● THE PROBLEM: Some entries follow. Reproduce exactly the lines starting at the one with "Cutter & Buck" and stopping after the one with "EEAthina's tweet photo.".

----

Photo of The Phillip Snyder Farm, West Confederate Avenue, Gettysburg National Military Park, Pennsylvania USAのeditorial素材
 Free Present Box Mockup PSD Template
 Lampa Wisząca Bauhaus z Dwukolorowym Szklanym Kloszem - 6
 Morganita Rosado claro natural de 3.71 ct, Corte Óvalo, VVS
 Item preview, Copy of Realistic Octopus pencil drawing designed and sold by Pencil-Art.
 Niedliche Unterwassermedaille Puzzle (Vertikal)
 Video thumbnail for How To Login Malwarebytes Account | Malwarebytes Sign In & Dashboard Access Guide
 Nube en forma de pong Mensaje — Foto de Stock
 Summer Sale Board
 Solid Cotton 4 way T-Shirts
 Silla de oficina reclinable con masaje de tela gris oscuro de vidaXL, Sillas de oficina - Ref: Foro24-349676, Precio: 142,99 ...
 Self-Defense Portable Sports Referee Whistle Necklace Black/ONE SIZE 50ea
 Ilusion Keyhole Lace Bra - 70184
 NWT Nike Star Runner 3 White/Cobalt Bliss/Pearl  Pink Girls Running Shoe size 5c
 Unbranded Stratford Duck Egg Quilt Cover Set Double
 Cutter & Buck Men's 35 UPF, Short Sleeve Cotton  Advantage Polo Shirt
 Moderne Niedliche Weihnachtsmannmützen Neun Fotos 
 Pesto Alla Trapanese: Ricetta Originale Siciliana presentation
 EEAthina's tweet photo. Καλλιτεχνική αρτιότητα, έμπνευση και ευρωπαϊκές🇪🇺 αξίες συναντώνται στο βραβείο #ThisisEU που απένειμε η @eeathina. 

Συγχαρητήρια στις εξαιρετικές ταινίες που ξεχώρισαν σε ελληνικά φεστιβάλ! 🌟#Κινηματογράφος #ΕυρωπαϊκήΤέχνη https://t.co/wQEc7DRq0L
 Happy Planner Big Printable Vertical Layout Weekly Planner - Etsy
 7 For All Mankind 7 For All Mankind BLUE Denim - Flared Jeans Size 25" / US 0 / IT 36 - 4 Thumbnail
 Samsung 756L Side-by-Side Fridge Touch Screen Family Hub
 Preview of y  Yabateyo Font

----

● TASK RESULT:
 Cutter & Buck Men's 35 UPF, Short Sleeve Cotton  Advantage Polo Shirt
 Moderne Niedliche Weihnachtsmannmützen Neun Fotos 
 Pesto Alla Trapanese: Ricetta Originale Siciliana presentation
 EEAthina's tweet photo. Καλλιτεχνική αρτιότητα, έμπνευση και ευρωπαϊκές🇪🇺 αξίες συναντώνται στο βραβείο #ThisisEU που απένειμε η @eeathina. 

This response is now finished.